- [WHAT YOU ARE ASKED TO DO]
Leaving out the pictures, return word for word the stretch of entries below from the line holding "106 người chết, 25 người mất tích do mưa bão" through the line holding "Ceramic Daisies Classic T-Shirt".

━━━━━━━━

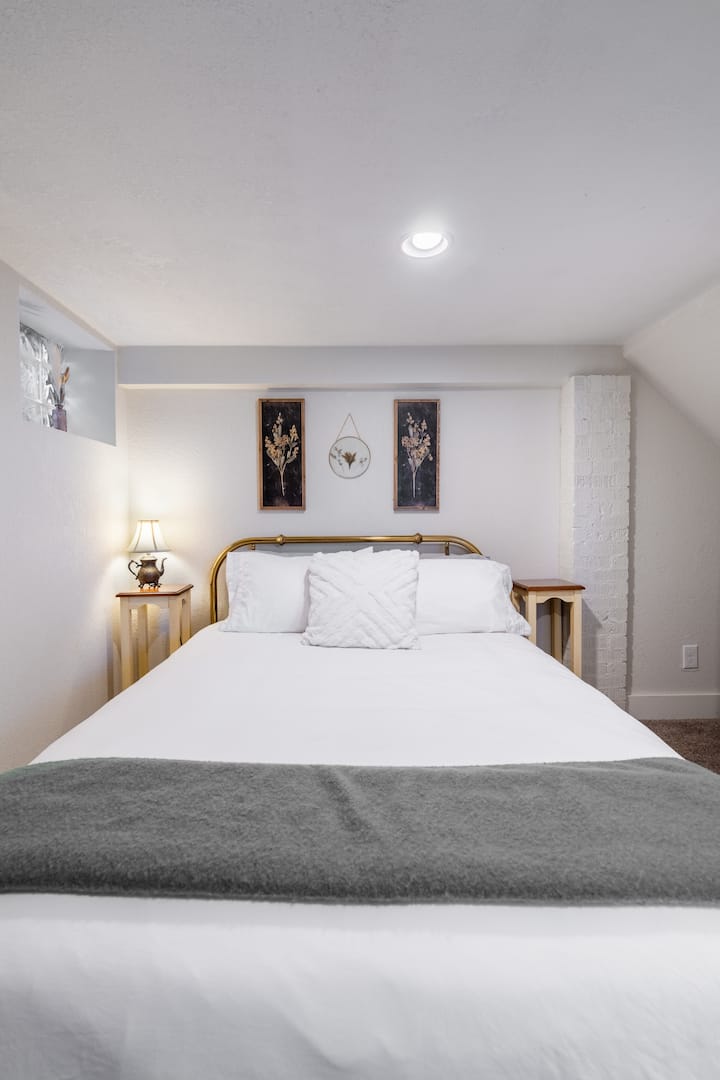 Kitanda cha kifalme chenye joto na kinachovutia chenye maelezo ya kawaida ya shaba.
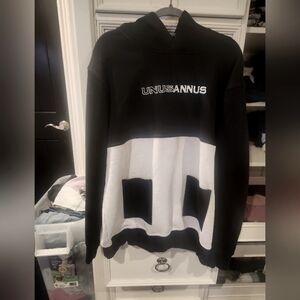 Unnus Annus Black and White Double Pocket RARE Hoodie size Large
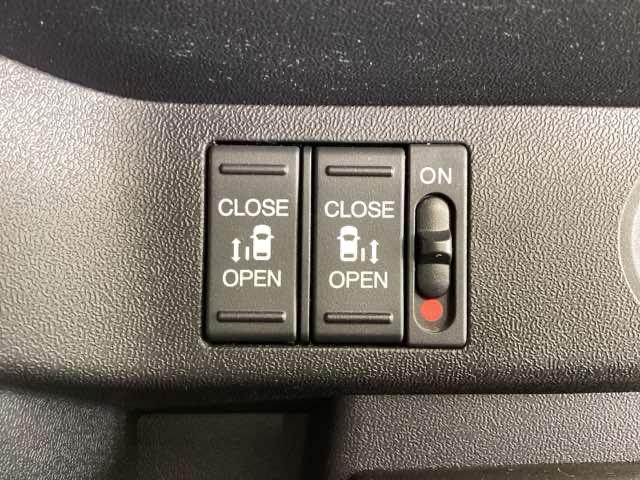 ステップワゴンスパーダ スパーダクールスピリットアドバンスパッケージβ　Ｈ　ＳＥＮＳＩＮＧ　１年保証　ワンオ－ナ－　ナビ　ＴＶ　Ｒカメラ　ＣＤ録音　ＢＴオ－ディオ　ＤＶＤ　ＥＴＣ　ＬＥＤライト　両側電動ドア　ＶＳＡ　シ－トヒ－タ－　クルコン　アルミ　スマ－トキ－　ＡＡＣ（12枚目）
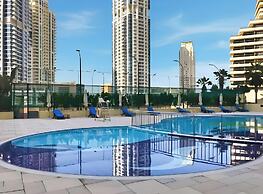 Penthouse Private Pool and Yacht Views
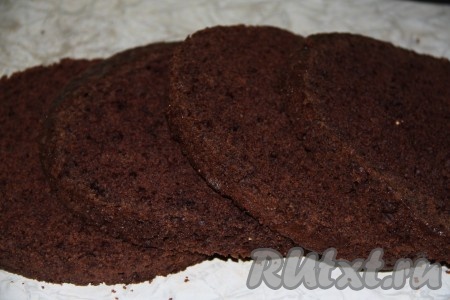 Бисквит разрезать на коржи. Вы можете разрезать на любое количество коржей. Я разрезала бисквит на 4 части, но можно разрезать на 3, 5 или 6 коржей.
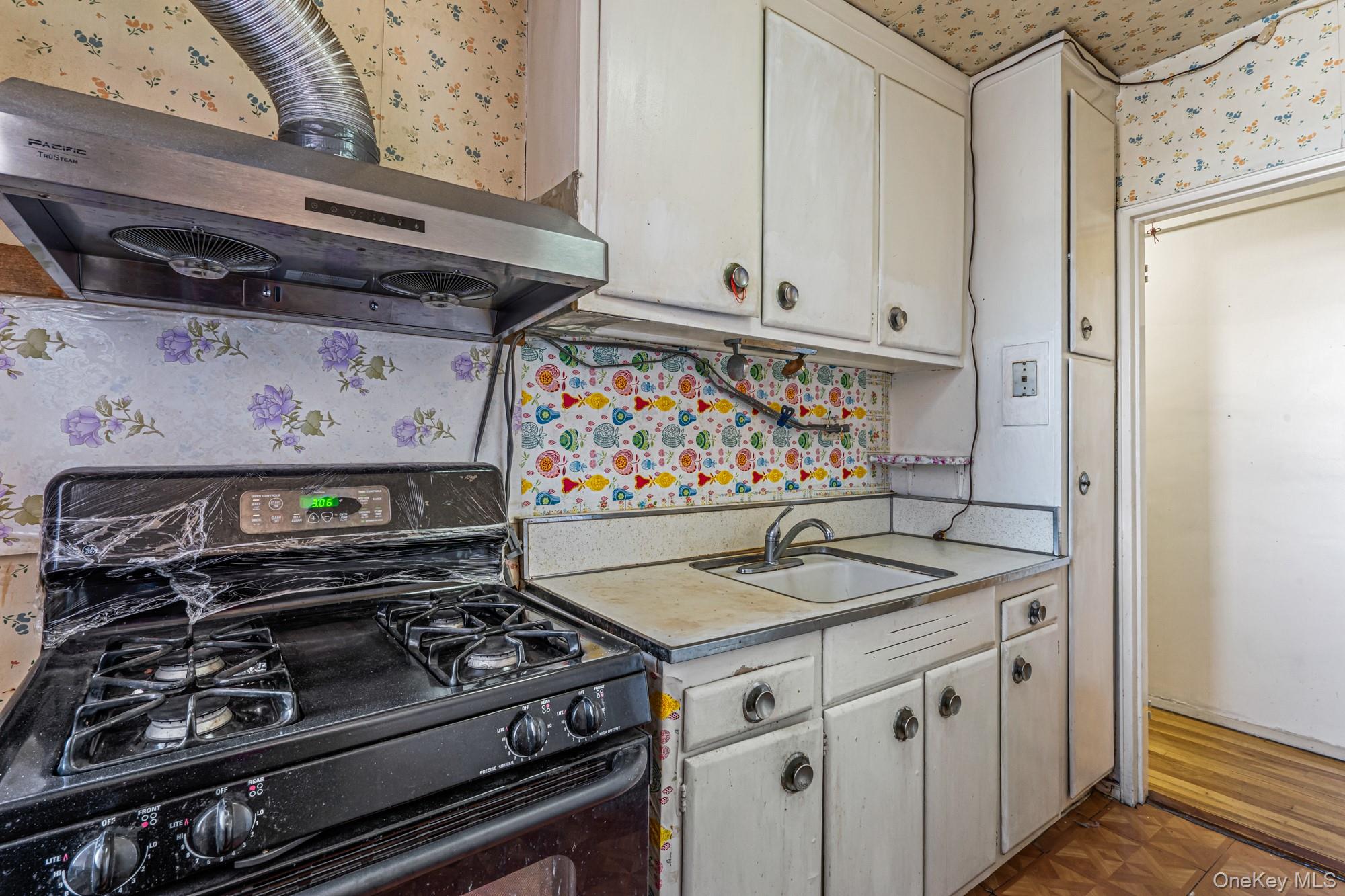 #14 photo, 25-34 Union Street, Flushing , NY 11354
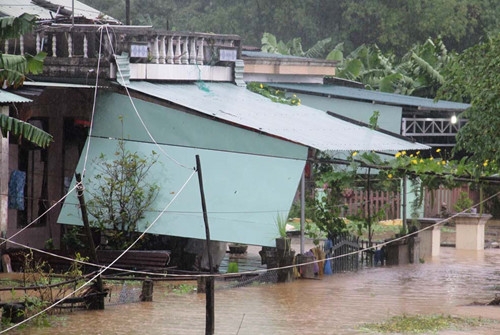 106 người chết, 25 người mất tích do mưa bão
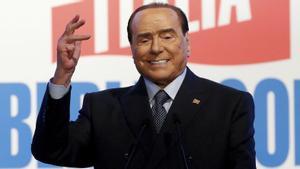 Berlusconi, ingressat a cures intensives en un hospital de Milà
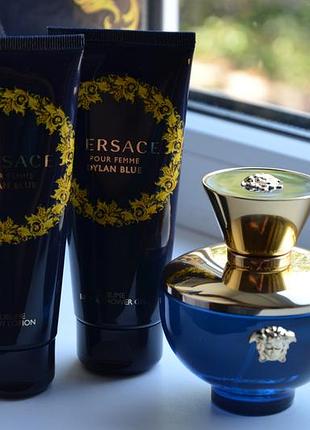 Набір versace, dylan blue pour femme, 100 мл+лосьйон 100 мл+гель 100 мл+косметичка. оригінал.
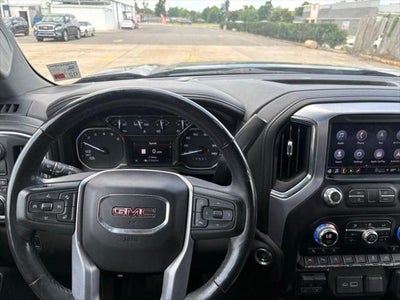 2021 GMC Sierra 1500 2WD Crew Cab Short Box SLT
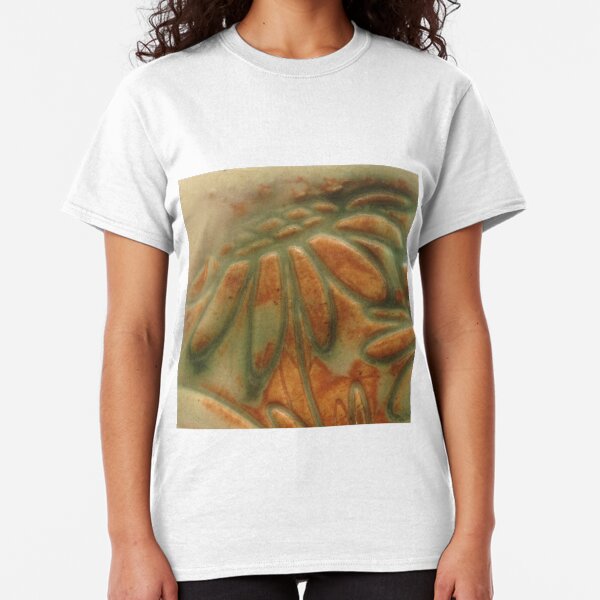Ceramic Daisies Classic T-Shirt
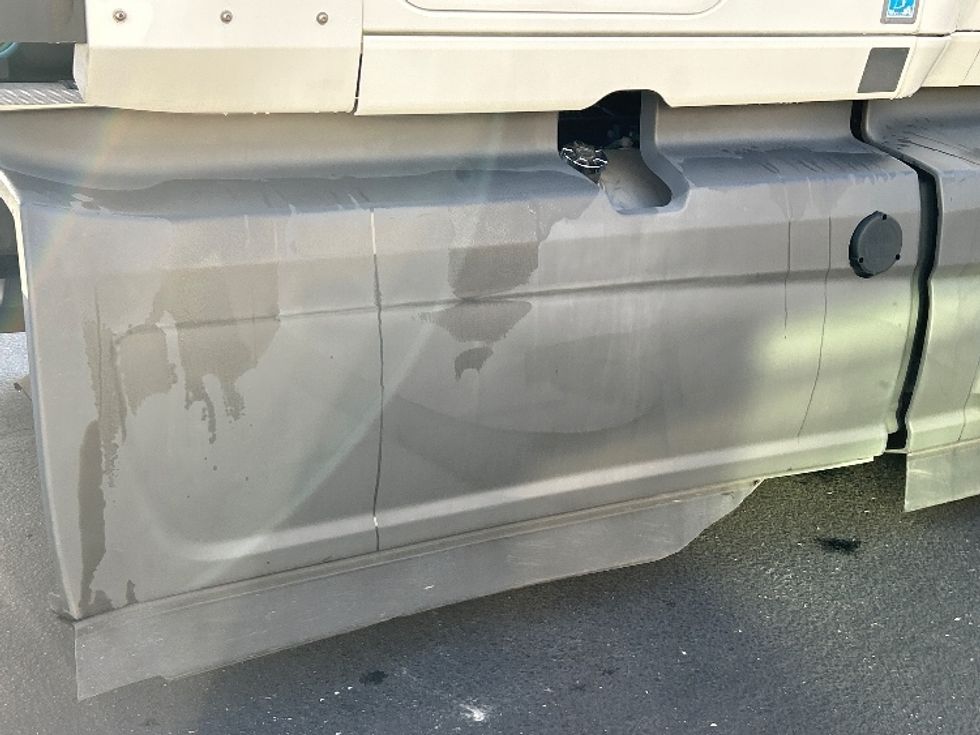 Sleeper Tractor-Heavy Duty Tractors-International-2023-LT625-Ceres-CA-606,757\n\t\tmiles-$ 51,250 - Image 23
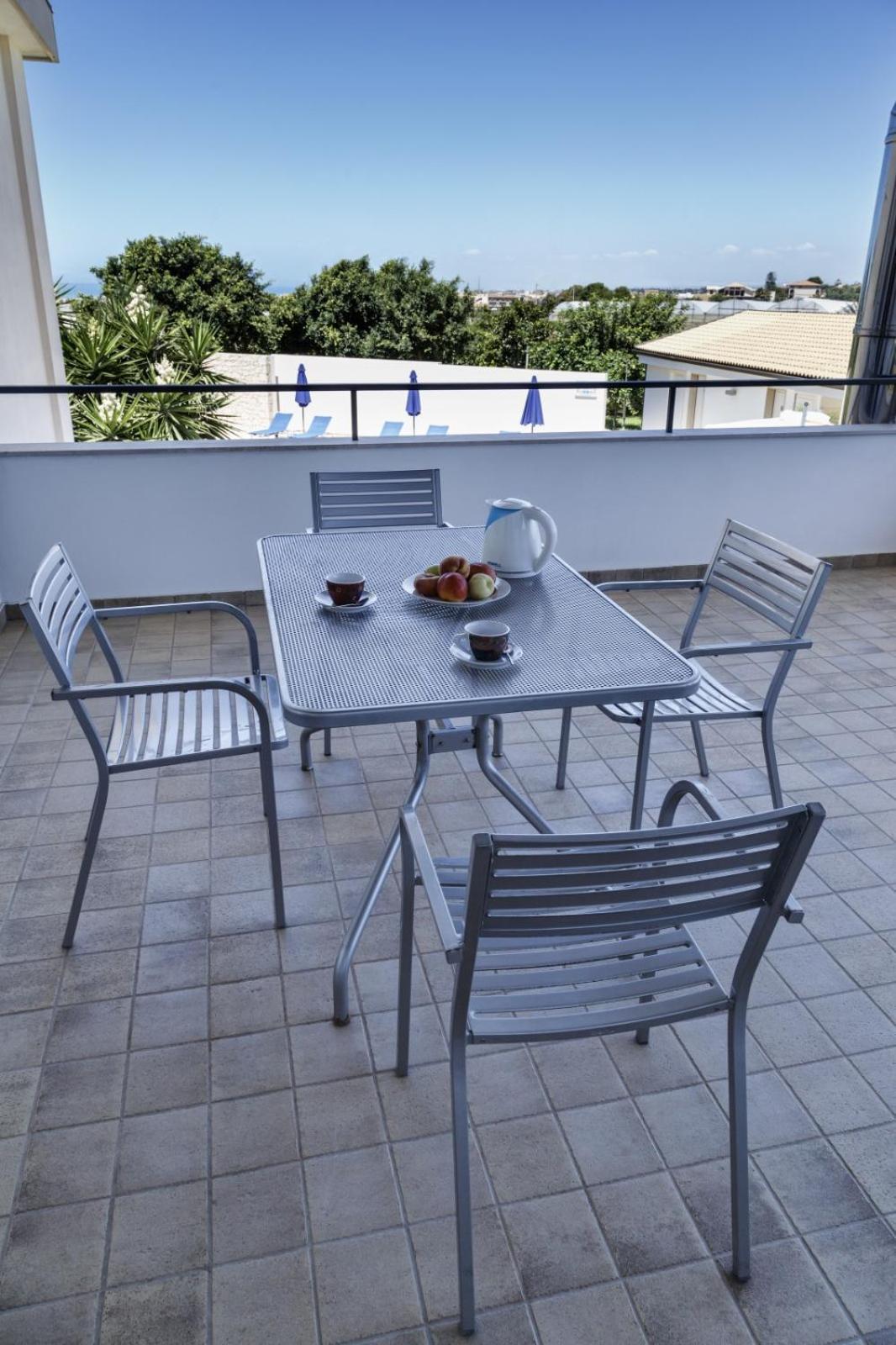 Two-Bedroom Apartment,1571319701:JPEG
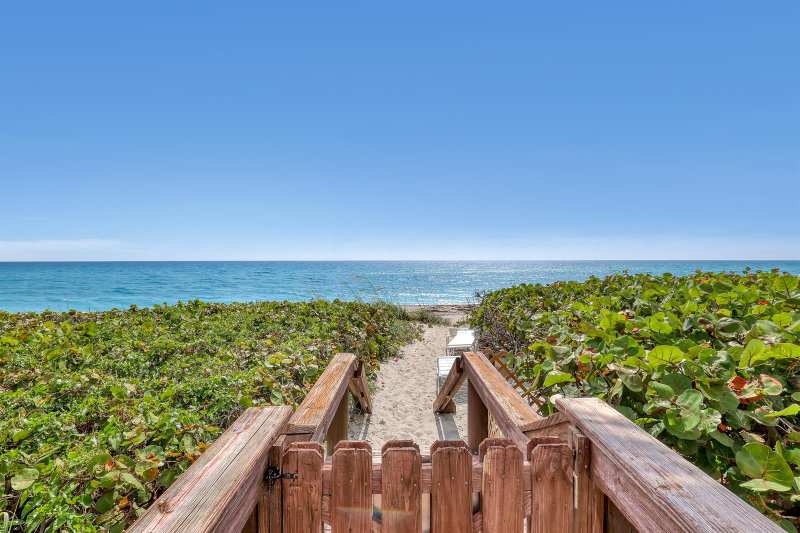 220 Celestial Way # 6, Juno Beach FL 33408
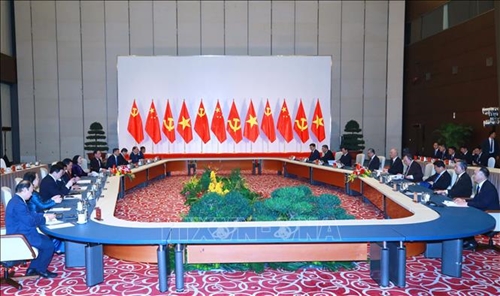 Thường trực Ban Bí thư Trương Thị Mai hội đàm với Chánh Văn phòng Trung ương Đảng Cộng sản Trung Quốc
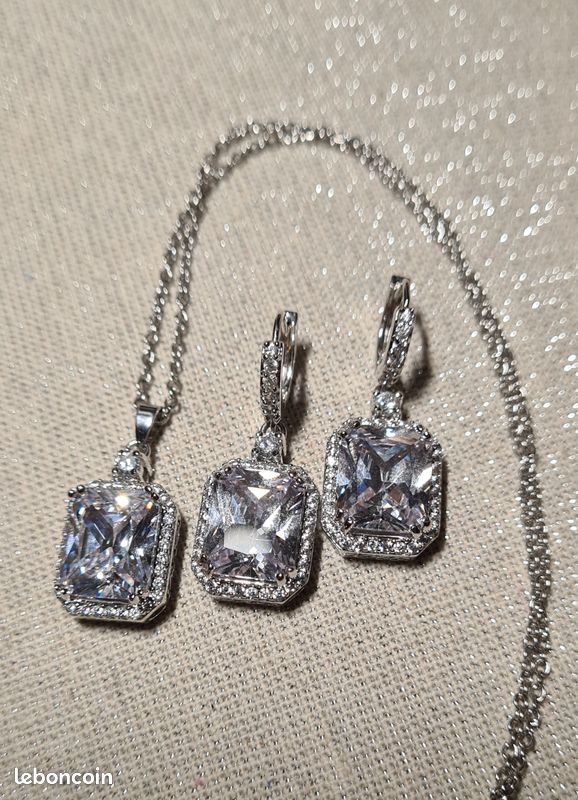 Parure De Bijoux Rochas – Collier Et Boucles D’oreilles Vintage, Occasion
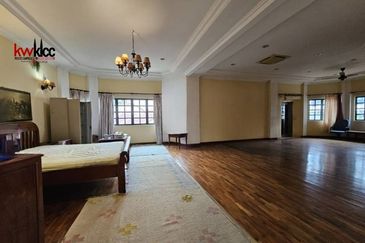 3 storey Bungalow with extemnsion facing KLCC, PNB118 and TRX for Sale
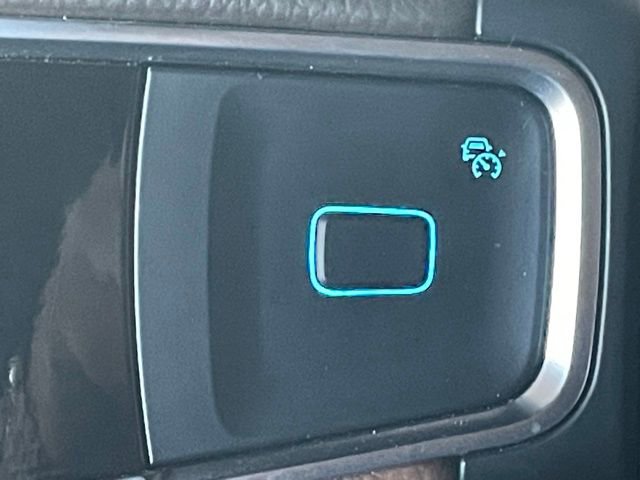 Used 2025 Ford Expedition King Ranch image 8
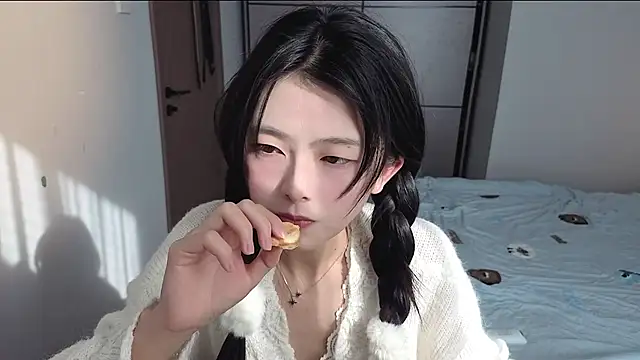 Snapshot of Koikoi___ chatting on January 13, 2026, 2:15 am Koikoi online show from January 13, 2026, 2:15 am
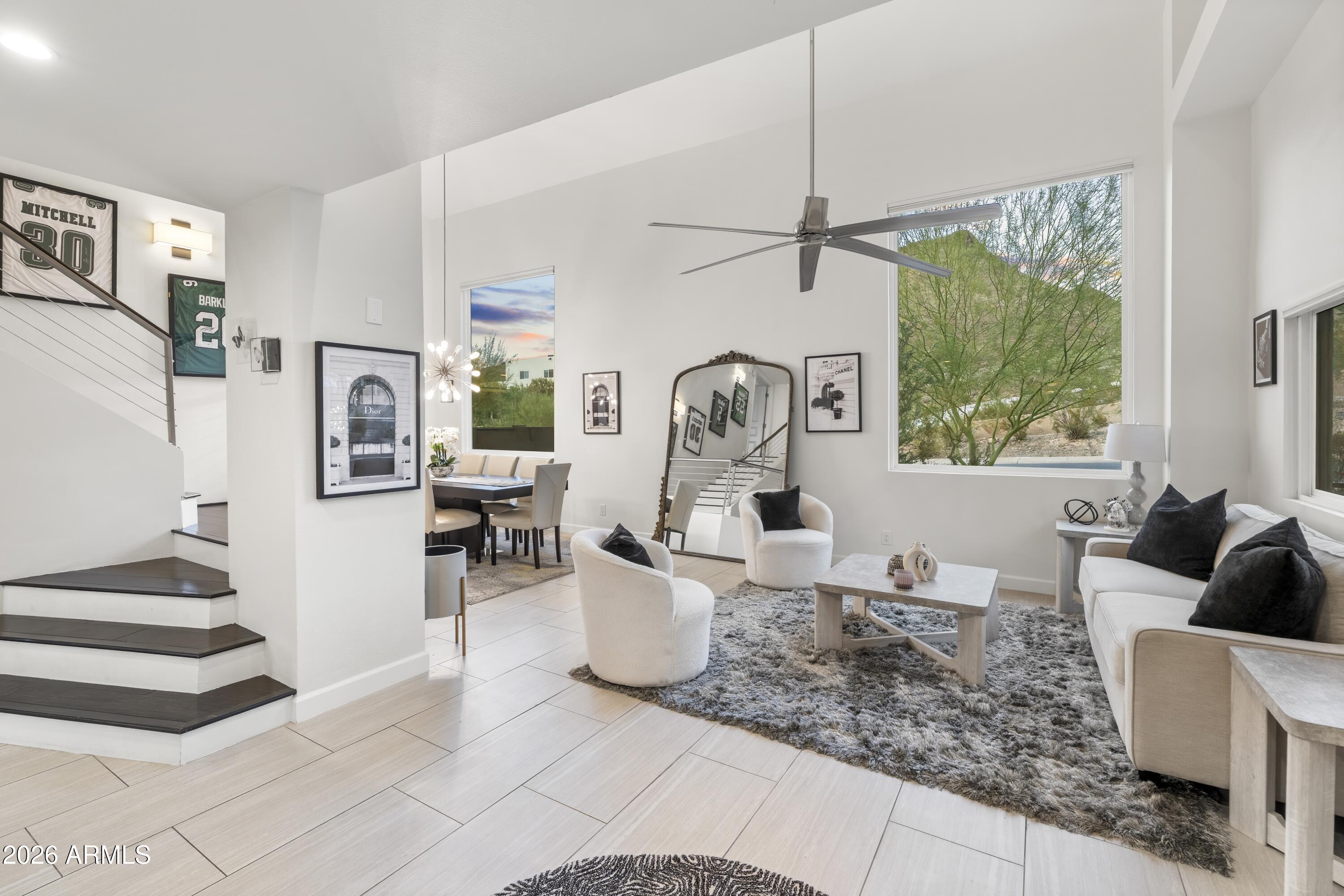 1136 E FOREST HILLS Drive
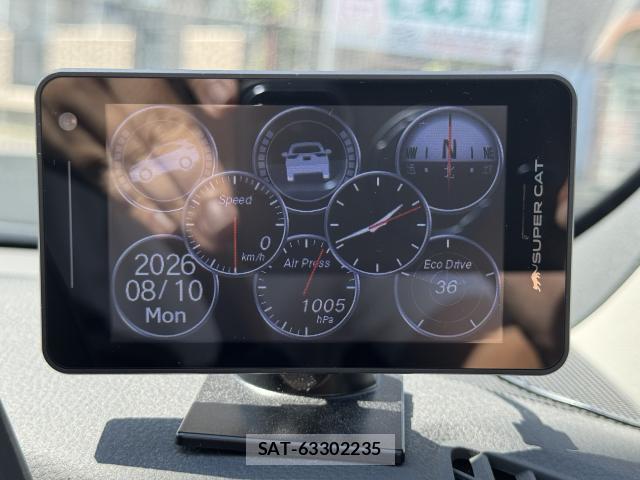 Toyota PRIUS 2023-05 8373167-19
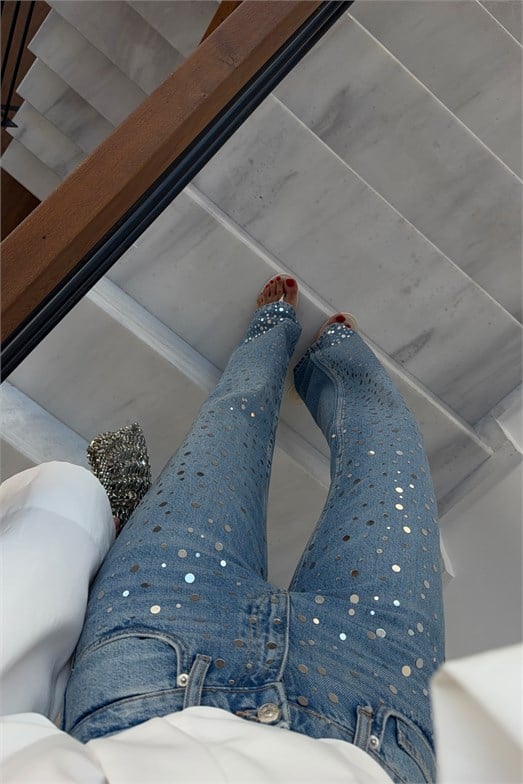 Pullu Açık Mavi Jean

━━━━━━━━

- [RESULT OF THIS TASK]
 106 người chết, 25 người mất tích do mưa bão
 Berlusconi, ingressat a cures intensives en un hospital de Milà
 Набір versace, dylan blue pour femme, 100 мл+лосьйон 100 мл+гель 100 мл+косметичка. оригінал.
 2021 GMC Sierra 1500 2WD Crew Cab Short Box SLT
Ceramic Daisies Classic T-Shirt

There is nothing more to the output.